If you’re looking for a customized recommendation for tools that fit your business and personality, I would love to have you book a Business Systems Strategy Session!

The Case for Fewer Apps

The Case for Fewer Apps

If you’re like me, your social media feeds are filled with tutorials and sponsored ads for various apps, tools, and platforms that say they’ll help you streamline your business and double your revenue.  Seriously, google “project management” or “Asana” once and those lovely algorithms will have you seeing tools like this everywhere you go.  Dive into any entrepreneur community and you’ll see discussions galore about which ones are better, and people shoving affiliate links each other.  Don’t get me wrong, they do it with the best of intentions, but for an overwhelmed entrepreneur, this simply isn’t helpful.

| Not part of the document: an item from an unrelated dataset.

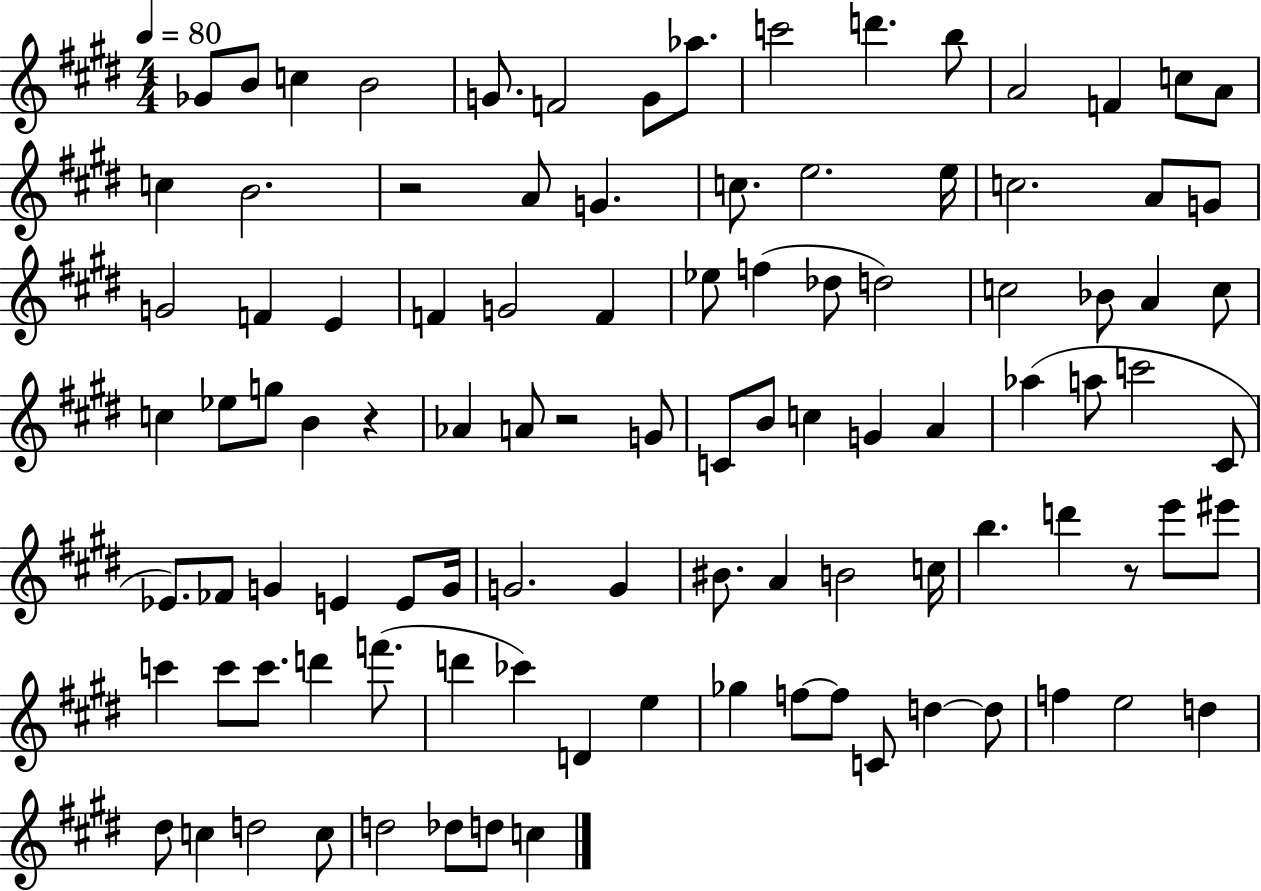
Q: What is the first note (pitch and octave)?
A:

And worse, some of us are prone to going to the shiny object syndrome of new tools.  We want to try them all and spend so much time setting new ones up, learning their features, and transferring our data—that’s time we really ought to be working in or on our business. “Free Trials” have made this even worse because the only thing we have to give up is time and brain power (and for some reason, we subconsciously value those less than money).

So let me make the case for fewer apps. 

Note: In this case, I’m going to use “app” to refer to everything from apps on your mobile phone, to apps on your laptop or desktop, to web apps.  It’s a broad paintbrush for all of those tools and platforms we might be using in our business.

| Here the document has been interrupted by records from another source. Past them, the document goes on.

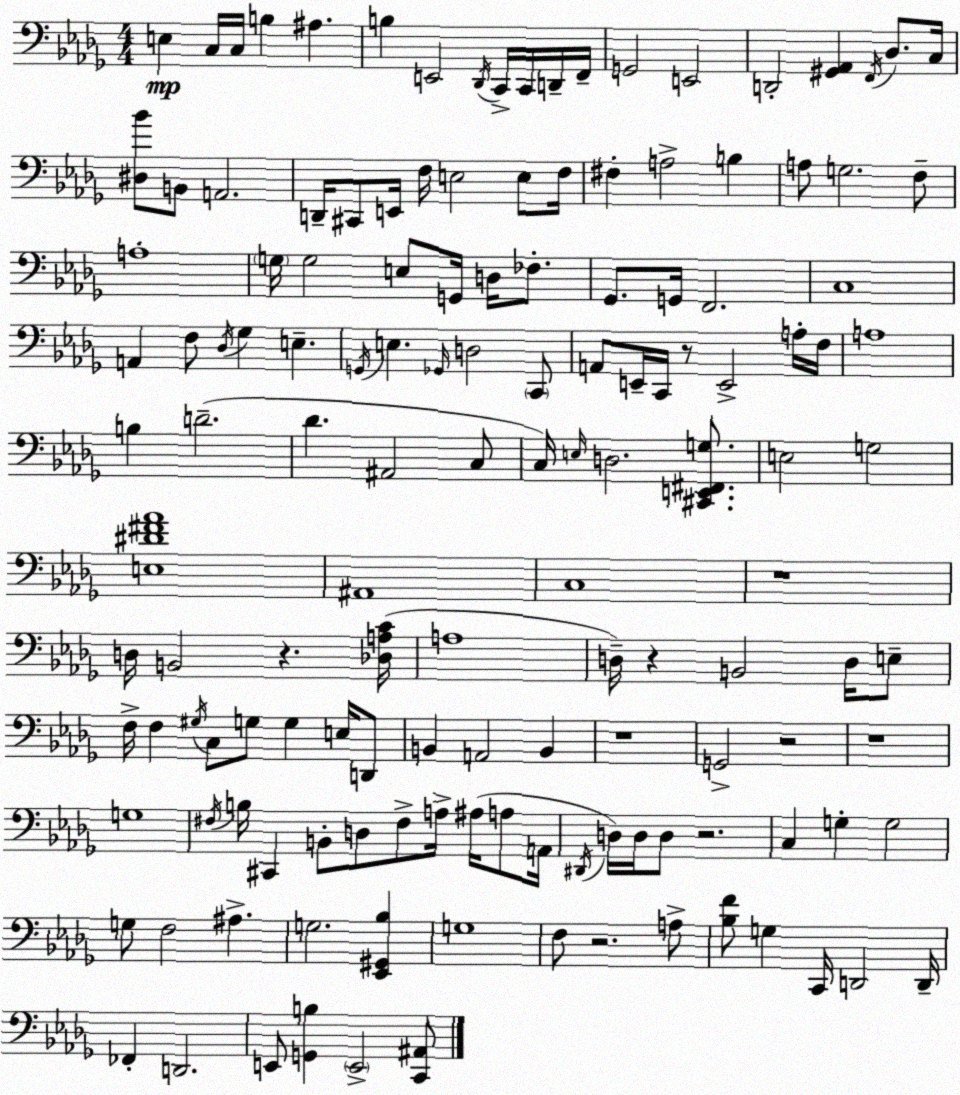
X:1
T:Untitled
M:4/4
L:1/4
K:Bbm
E, C,/4 C,/4 B, ^A, B, E,,2 _D,,/4 C,,/4 C,,/4 D,,/4 F,,/4 G,,2 E,,2 D,,2 [^G,,_A,,] F,,/4 _D,/2 C,/4 [^D,_B]/2 B,,/2 A,,2 D,,/4 ^C,,/2 E,,/4 F,/4 E,2 E,/2 F,/4 ^F, A,2 B, A,/2 G,2 F,/2 A,4 G,/4 G,2 E,/2 G,,/4 D,/4 _F,/2 _G,,/2 G,,/4 F,,2 C,4 A,, F,/2 _D,/4 _G, E, G,,/4 E, _G,,/4 D,2 C,,/2 A,,/2 E,,/4 C,,/4 z/2 E,,2 A,/4 F,/4 A,4 B, D2 _D ^A,,2 C,/2 C,/4 E,/4 D,2 [^C,,E,,^F,,G,]/2 E,2 G,2 [E,^D^F_A]4 ^A,,4 C,4 z4 D,/4 B,,2 z [_D,A,C]/4 A,4 D,/4 z B,,2 D,/4 E,/2 F,/4 F, ^G,/4 C,/2 G,/2 G, E,/4 D,,/2 B,, A,,2 B,, z4 G,,2 z2 z4 G,4 ^F,/4 B,/4 ^C,, B,,/2 D,/2 ^F,/2 A,/4 ^A,/4 A,/2 A,,/4 ^D,,/4 D,/4 D,/4 D,/2 z2 C, G, G,2 G,/2 F,2 ^A, G,2 [_E,,^G,,_B,] G,4 F,/2 z2 A,/2 [_B,F]/2 G, C,,/4 D,,2 D,,/4 _F,, D,,2 E,,/2 [G,,B,] E,,2 [C,,^A,,]/2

The Case for Fewer Apps | SimplifiedBusinessSystems.com

The more apps you have, the more time you spend looking at apps.  And unless you’re an app developer, that’s probably not the most productive thing for your business.

“There’s an app for that”

Just because there is an app for that, doesn’t mean you should download it.  Do you really need an app for that?  Do you already have an app that can do that?  I found myself looking at task/reminder apps the other day, but I already have Trello, Evernote, and Gmail which can effectively do just that thing.  I also at one point had an app for dutch oven cook times.  Seriously, a printed version tossed in the camping cookbook worked just as well (and was still available when my phone died).

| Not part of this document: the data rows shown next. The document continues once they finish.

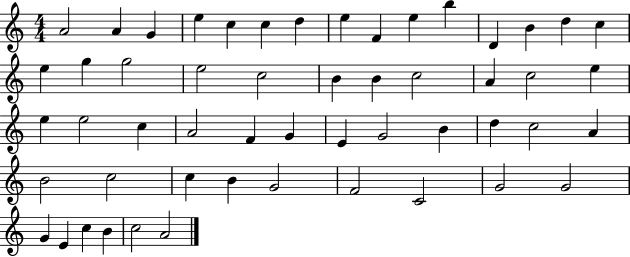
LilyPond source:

{
  \clef treble
  \numericTimeSignature
  \time 4/4
  \key c \major
  a'2 a'4 g'4 | e''4 c''4 c''4 d''4 | e''4 f'4 e''4 b''4 | d'4 b'4 d''4 c''4 | \break e''4 g''4 g''2 | e''2 c''2 | b'4 b'4 c''2 | a'4 c''2 e''4 | \break e''4 e''2 c''4 | a'2 f'4 g'4 | e'4 g'2 b'4 | d''4 c''2 a'4 | \break b'2 c''2 | c''4 b'4 g'2 | f'2 c'2 | g'2 g'2 | \break g'4 e'4 c''4 b'4 | c''2 a'2 | \bar "|."
}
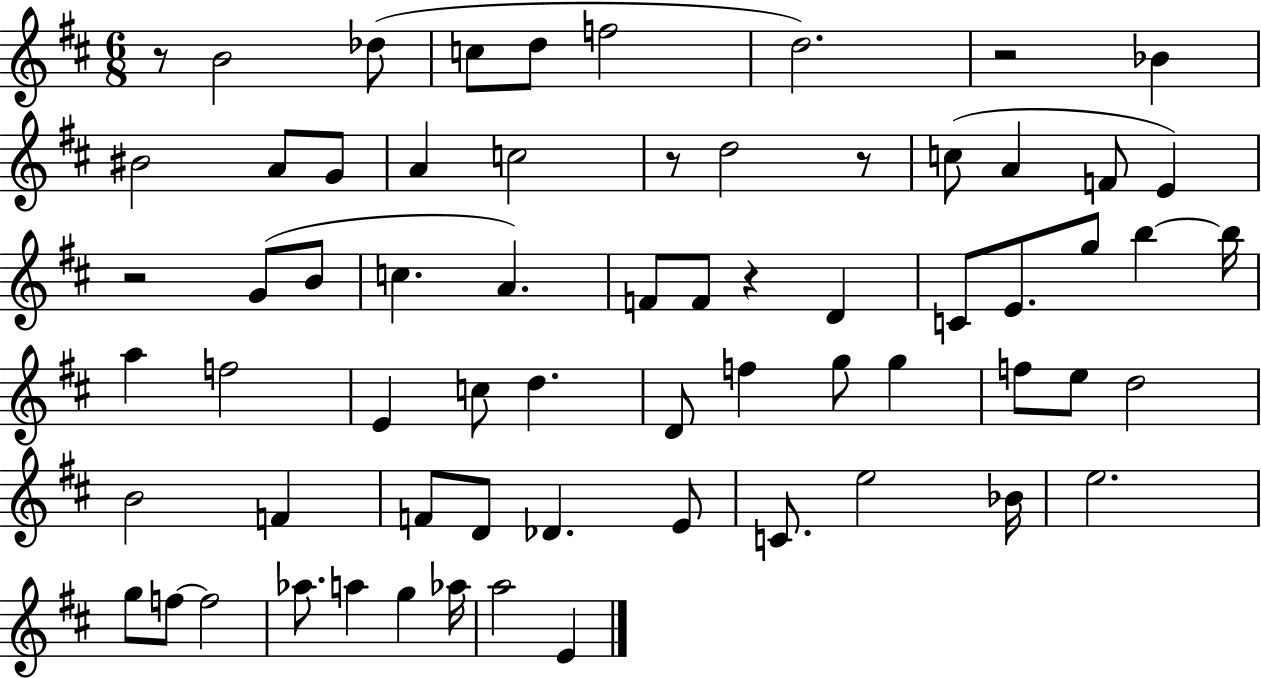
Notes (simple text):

R/e B4/h Db5/e C5/e D5/e F5/h D5/h. R/h Bb4/q BIS4/h A4/e G4/e A4/q C5/h R/e D5/h R/e C5/e A4/q F4/e E4/q R/h G4/e B4/e C5/q. A4/q. F4/e F4/e R/q D4/q C4/e E4/e. G5/e B5/q B5/s A5/q F5/h E4/q C5/e D5/q. D4/e F5/q G5/e G5/q F5/e E5/e D5/h B4/h F4/q F4/e D4/e Db4/q. E4/e C4/e. E5/h Bb4/s E5/h. G5/e F5/e F5/h Ab5/e. A5/q G5/q Ab5/s A5/h E4/q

Also, just because it’s a free app doesn’t mean you need to use it.  Just sayin’.

 

Having too many apps is counterproductive to using them to streamline.

Having more apps than necessary complicates your business systems.  More moving pieces means more things likely to break.  It also means more for you to remember.  I’m sure you’ve been there.  Did I write that down in Evernote or make a card in Trello?  Maybe it’s in the client notes on Dubsado.  Or maybe the pad of sticky notes I spilled coffee on yesterday. Ugh.

 

It costs money.

Ah, I could go on for ages about why having fewer overhead costs is good for your business, and maybe someday soon I’ll write a post dedicated to running a lean business.  Most of the good apps, to get the features we want, cost money.  Most of them aren’t that expensive, but those little monthly subscriptions add up fast.  And those annual ones are easy to forget about when you’re factoring your costs. Really evaluate an app before you shell out money for it.  Is the free version good enough?  Is there a cheaper alternative?  Is there a direct revenue benefit with this purchase?

Good areas to drop money on a good app are where your money is managed, or you can avoid hiring someone.  That means paying for a good CRM to manage your invoices, a good bookkeeping app, and a reliable social media scheduler.  These may vary depending on your particular business and skills, but I find these three + an email marketing platform are the core apps that every online business needs.

 

Final Thoughts

Take a look at what apps you’re paying for.  Be sure to look for those forgotten annual payments.  And then look at all of the apps on your phone.  How many do you use on a daily basis?  How many on weekly basis?  Anything not in those two groups could probably be discarded.  Freeing up valuable resources in your business starts with reducing the amount of tools you rely on and make sure you’re squeezing every drop out of the ones you keep.

What apps can you not live without?  Are there any that you feel you should be using better?  Which apps were quick deletes? I’d love to know.